Source data:
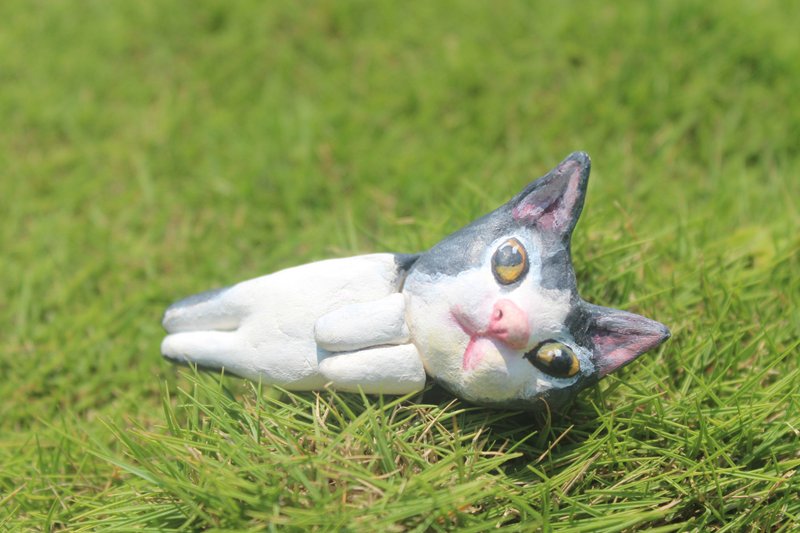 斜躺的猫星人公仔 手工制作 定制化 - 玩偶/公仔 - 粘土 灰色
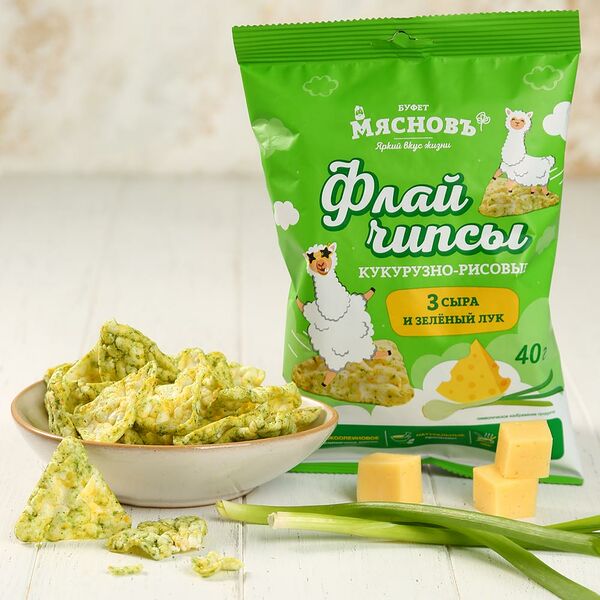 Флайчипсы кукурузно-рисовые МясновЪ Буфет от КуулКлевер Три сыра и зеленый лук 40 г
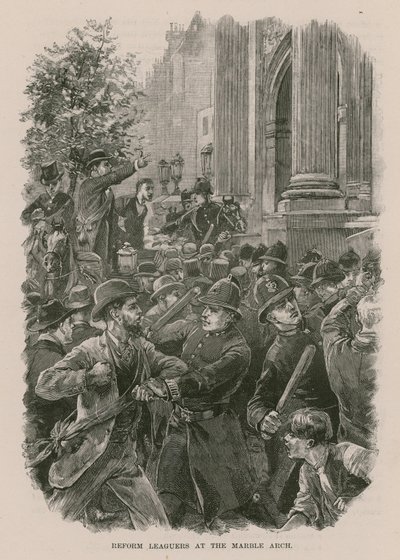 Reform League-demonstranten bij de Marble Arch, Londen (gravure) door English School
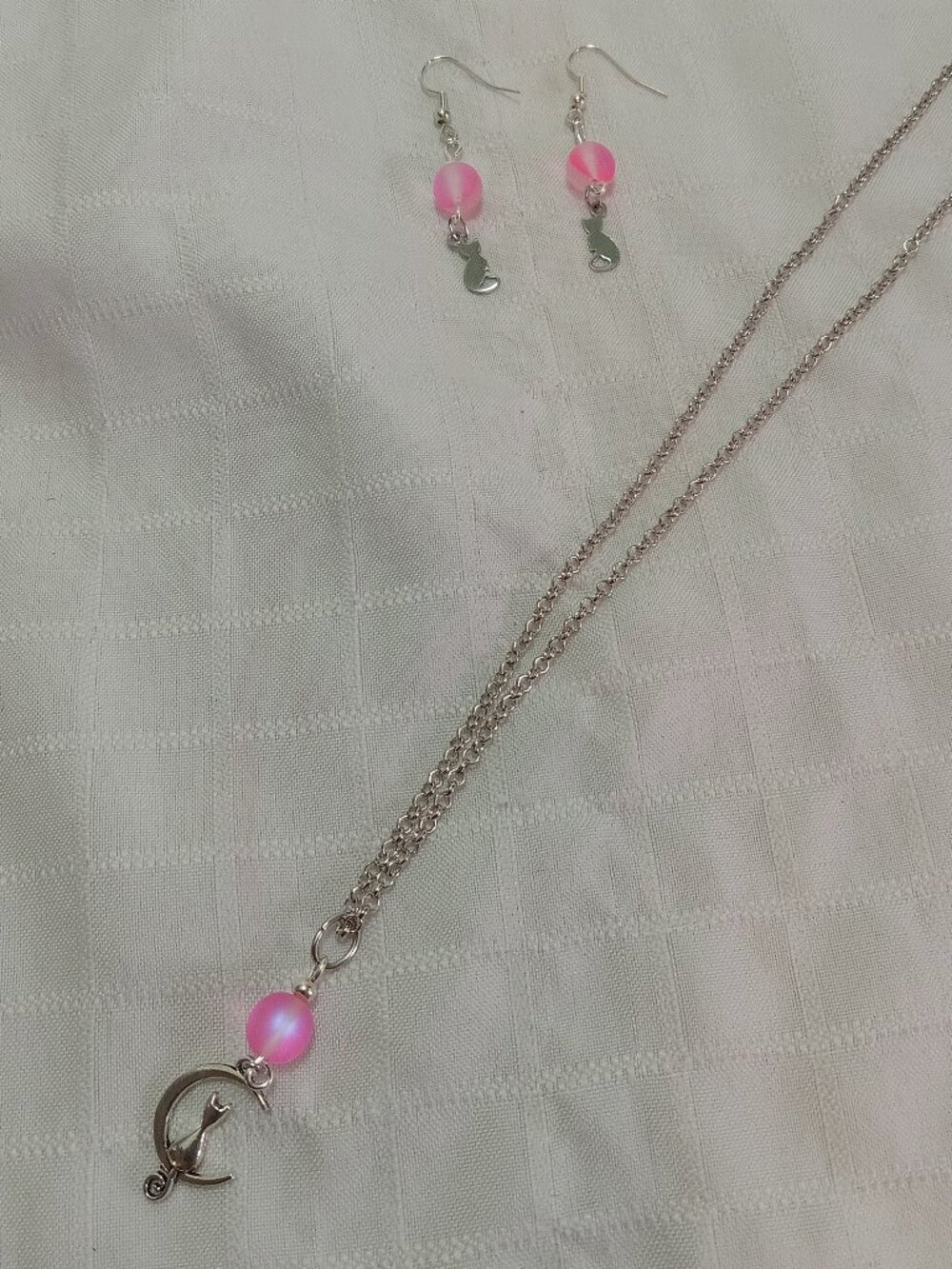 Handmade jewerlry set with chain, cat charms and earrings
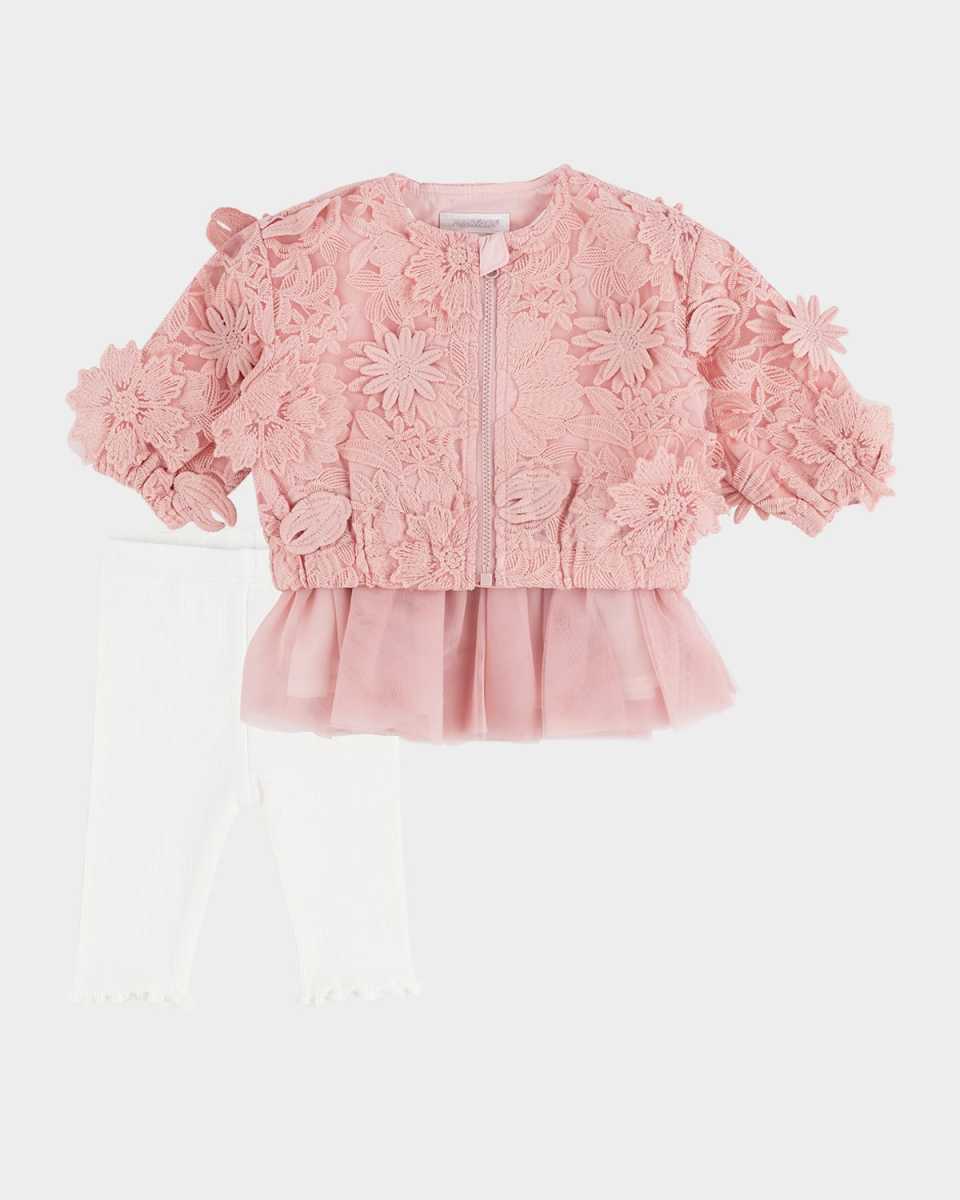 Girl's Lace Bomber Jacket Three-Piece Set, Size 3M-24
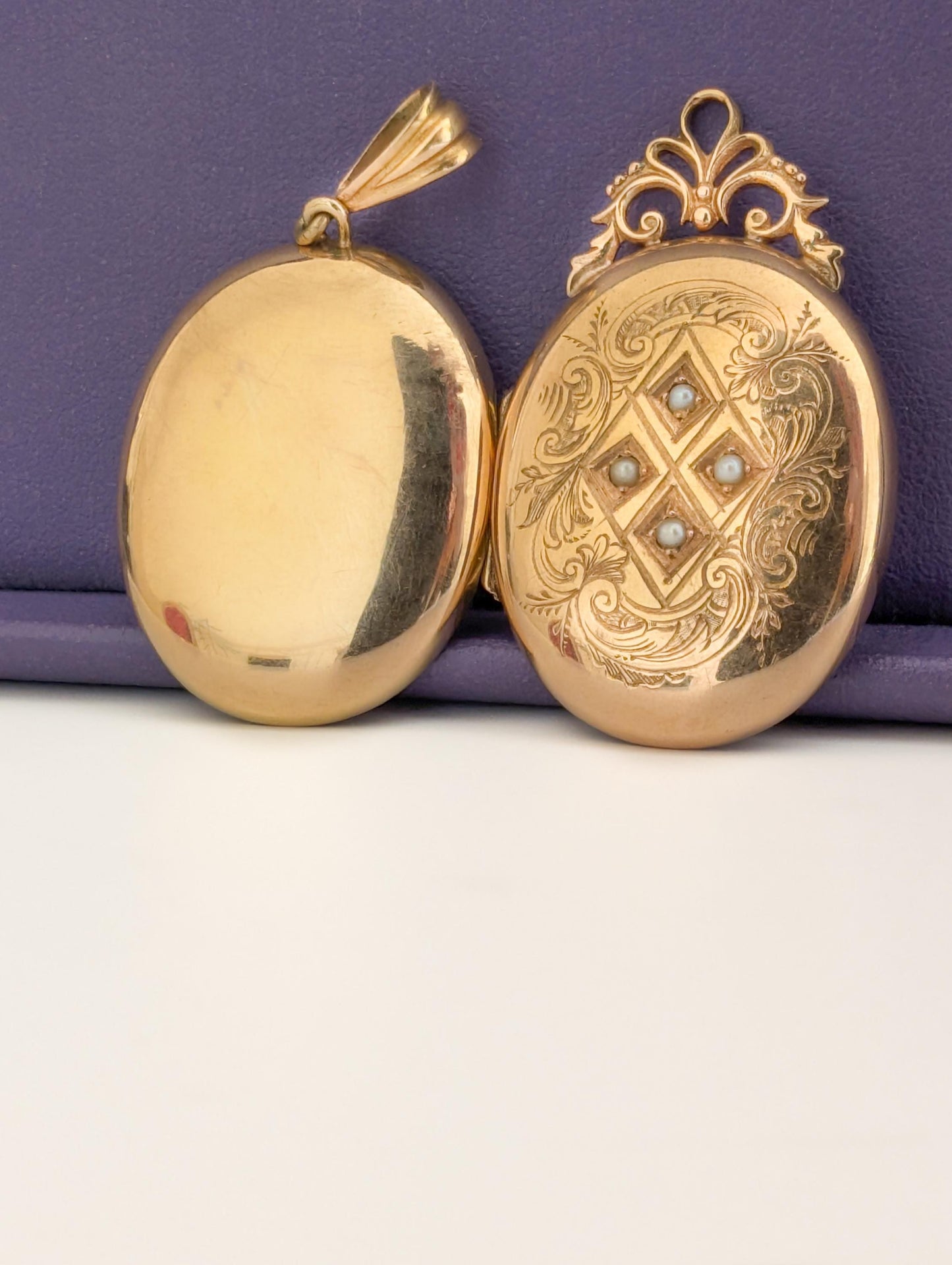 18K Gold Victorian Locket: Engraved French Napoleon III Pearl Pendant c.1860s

Task directions :: Print out the records in full and exactly, dropping every picture.

Task solution ::
 斜躺的猫星人公仔 手工制作 定制化 - 玩偶/公仔 - 粘土 灰色
 Флайчипсы кукурузно-рисовые МясновЪ Буфет от КуулКлевер Три сыра и зеленый лук 40 г
 Reform League-demonstranten bij de Marble Arch, Londen (gravure) door English School
 Handmade jewerlry set with chain, cat charms and earrings
 Girl's Lace Bomber Jacket Three-Piece Set, Size 3M-24
 18K Gold Victorian Locket: Engraved French Napoleon III Pearl Pendant c.1860s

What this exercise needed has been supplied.